# Salt Fork eyes 5/16



## E- man (Jan 25, 2014)

Good day on the lake Sun. 3 man limit on eyes and 11 crappies 11-13". Everything caught in 7-10 feet of water on jig and minnie.Water was about 62*on the surface and still stained pretty good.


----------



## dougers (May 6, 2007)

Trolling?


----------



## E- man (Jan 25, 2014)

casting, very slow retrieve bouncing bottom.


----------



## nis1 (Mar 12, 2014)

Headed there in the a.m. Can't freakin wait. Love salt for this time of the year!


----------



## E- man (Jan 25, 2014)

Good luck nis1. Should be a good day.


----------



## donny_k (Apr 16, 2015)

Care to share any more info on where on Salt Fork you fished? I know thats a lot to ask but Im trying to branch out and fish for something other than bass and would love to give it a shot soon.


----------



## E- man (Jan 25, 2014)

We target saugeyes and crappies. We have some "secret" spots but always have to go looking. Try the coves and points before you get into the coves. Mostly casting like you would for bass. We don't target any particular end of the lake as we try different areas until we find fish. Most of the time we are fishing in 10' of water or less. A lot of the time the eyes are in 5 fow or less. It's not a whole lot different than fishing for bass. You don't always have to look for structure though unless you are just targeting crappies and gills. Good luck.


----------



## nis1 (Mar 12, 2014)

I threw everything in the boat at them today and I've concluded they just weren't biting. Fished from 5:30-11:30. Couple crappie, couple small bass, couple warmouth...no stinkin saugeye.


----------



## Flathead76 (May 2, 2010)

nis1 said:


> I threw everything in the boat at them today and I've concluded they just weren't biting. Fished from 5:30-11:30. Couple crappie, couple small bass, couple warmouth...no stinkin saugeye.


It's because you tried fishing for them. Target something else and you will probably catch a few. That's how saugeye fishing works for me.


----------



## TRAPPERBECK (Mar 23, 2010)

Yea try fishing FUR bass & you"ll catch some than.


----------



## donny_k (Apr 16, 2015)

E- man said:


> We target saugeyes and crappies. We have some "secret" spots but always have to go looking. Try the coves and points before you get into the coves. Mostly casting like you would for bass. We don't target any particular end of the lake as we try different areas until we find fish. Most of the time we are fishing in 10' of water or less. A lot of the time the eyes are in 5 fow or less. It's not a whole lot different than fishing for bass. You don't always have to look for structure though unless you are just targeting crappies and gills. Good luck.
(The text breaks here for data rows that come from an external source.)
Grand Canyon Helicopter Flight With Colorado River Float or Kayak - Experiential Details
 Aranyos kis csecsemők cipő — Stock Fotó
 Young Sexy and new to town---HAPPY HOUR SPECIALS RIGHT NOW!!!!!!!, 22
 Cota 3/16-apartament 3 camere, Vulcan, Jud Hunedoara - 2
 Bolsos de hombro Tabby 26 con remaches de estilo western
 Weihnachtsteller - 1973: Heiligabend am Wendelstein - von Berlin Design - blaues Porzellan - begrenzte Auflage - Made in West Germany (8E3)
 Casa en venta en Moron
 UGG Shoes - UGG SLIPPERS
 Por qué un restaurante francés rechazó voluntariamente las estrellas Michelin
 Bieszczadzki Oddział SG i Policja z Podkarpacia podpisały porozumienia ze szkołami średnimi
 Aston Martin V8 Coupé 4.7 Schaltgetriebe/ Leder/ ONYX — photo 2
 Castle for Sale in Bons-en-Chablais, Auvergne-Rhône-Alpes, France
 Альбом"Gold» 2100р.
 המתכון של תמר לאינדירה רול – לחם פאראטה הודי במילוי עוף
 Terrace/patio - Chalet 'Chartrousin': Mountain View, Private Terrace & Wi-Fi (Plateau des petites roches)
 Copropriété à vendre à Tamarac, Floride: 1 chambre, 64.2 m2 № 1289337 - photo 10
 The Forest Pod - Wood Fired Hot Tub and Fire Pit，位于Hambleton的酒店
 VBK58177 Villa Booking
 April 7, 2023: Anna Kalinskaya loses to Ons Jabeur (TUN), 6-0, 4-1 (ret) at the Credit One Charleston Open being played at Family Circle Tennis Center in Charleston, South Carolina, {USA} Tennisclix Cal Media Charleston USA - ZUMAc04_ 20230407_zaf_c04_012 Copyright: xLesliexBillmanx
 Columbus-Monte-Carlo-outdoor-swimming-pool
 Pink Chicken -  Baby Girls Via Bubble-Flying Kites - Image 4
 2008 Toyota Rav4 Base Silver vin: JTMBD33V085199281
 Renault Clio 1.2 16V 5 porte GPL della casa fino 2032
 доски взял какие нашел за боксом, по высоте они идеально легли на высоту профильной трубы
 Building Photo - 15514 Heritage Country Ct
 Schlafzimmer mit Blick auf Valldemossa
So your just hooking a minnow through the face with a plain grey jighead and casting toward shore?


----------



## E- man (Jan 25, 2014)

Add a twister tail and for the most part yes. Chartreuse is the most popular but other colors work also.


----------



## mlkostur (Apr 27, 2015)

donny_k said:


> So your just hooking a minnow through the face with a plain grey jighead and casting toward shore?


If I use a minnow that is how I would fish... and very slow. I usually don't use twister with minnows, but I have and had success. As mentioned above I would go with Chartreuse, and when using a minnow I like using lighter line(6lb) and lighter jig head. You might want to try a vibE also if you really want to target eyes.


----------